### Task brief
Take the line containing "Foto 12 von" and every line after it to the end of the material below; reproduce them exactly, without pictures.

### Collected data

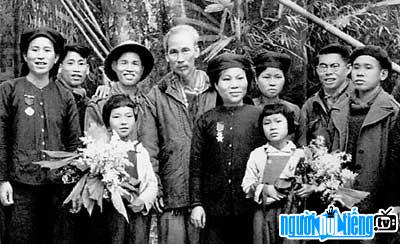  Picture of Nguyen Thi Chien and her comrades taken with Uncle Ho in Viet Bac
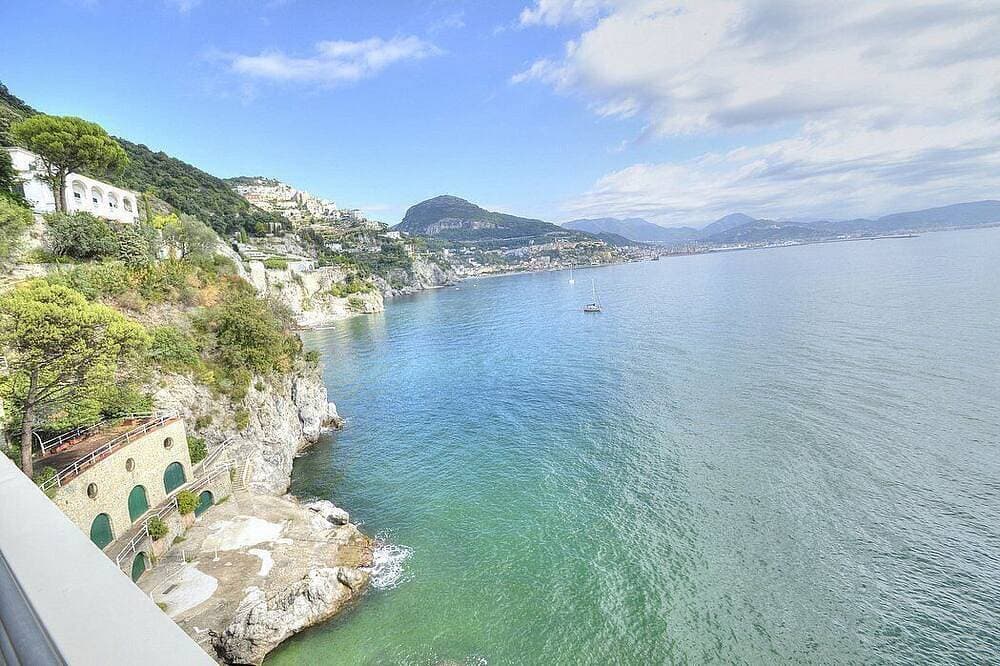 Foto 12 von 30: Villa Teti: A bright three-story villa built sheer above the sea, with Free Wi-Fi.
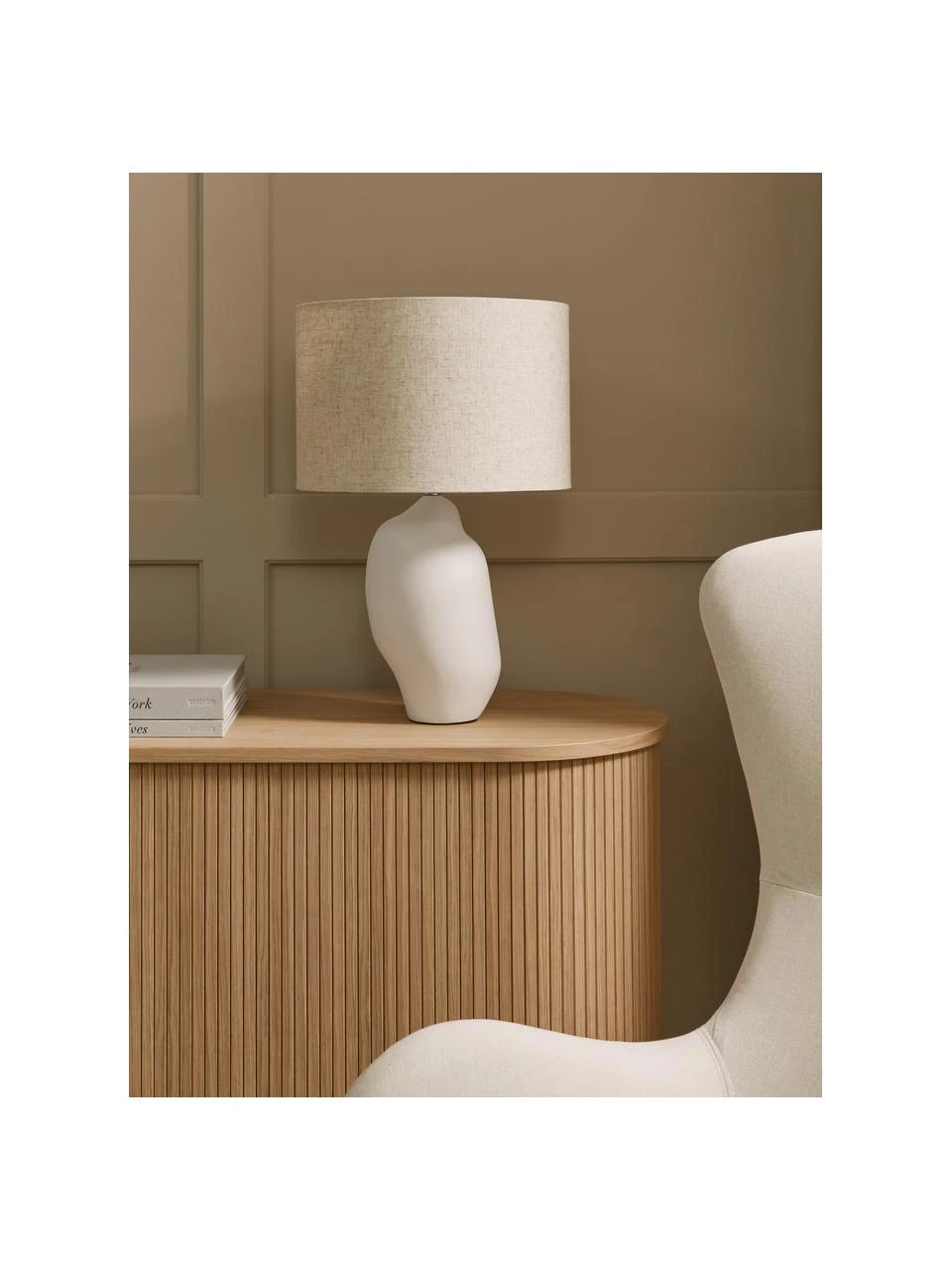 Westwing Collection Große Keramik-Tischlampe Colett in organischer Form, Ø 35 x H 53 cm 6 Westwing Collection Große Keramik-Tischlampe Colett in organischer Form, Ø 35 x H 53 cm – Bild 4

### Solution for this task
 Foto 12 von 30: Villa Teti: A bright three-story villa built sheer above the sea, with Free Wi-Fi.
 Westwing Collection Große Keramik-Tischlampe Colett in organischer Form, Ø 35 x H 53 cm 6 Westwing Collection Große Keramik-Tischlampe Colett in organischer Form, Ø 35 x H 53 cm – Bild 4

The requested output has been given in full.